## Dataset content
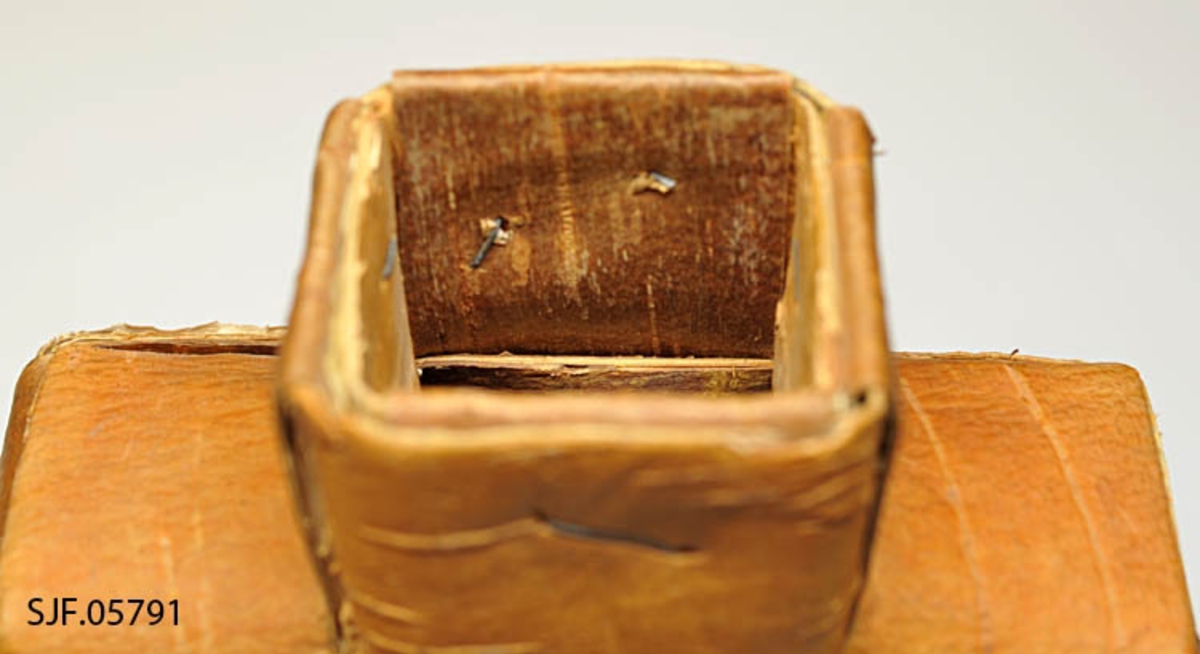 Saltflaska er flettet av never. Ved tuten er det brukt stiftemaskin for å feste nevra. Proppen er av ubehandlet bjørk. Den er laget av Mentz Åsen, Grue Finskog ca. 1963, og kjøpt inn til museet da. 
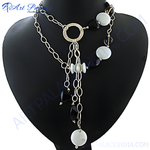 Load image into Gallery viewer, Gold chain necklace with black and white stones displayed on a black mannequin, perfect for women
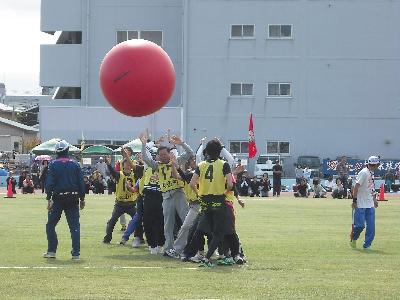 写真：大玉小玉送りで、縦に一列に並んだ競技者の頭上を赤い大玉が転がっていきます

## Assignment
Output the line containing "Load image into" and each line after it, through the end of the material, exactly as given. No pictures belong in the output.

## Answer to this exercise
 Load image into Gallery viewer, Gold chain necklace with black and white stones displayed on a black mannequin, perfect for women
 写真：大玉小玉送りで、縦に一列に並んだ競技者の頭上を赤い大玉が転がっていきます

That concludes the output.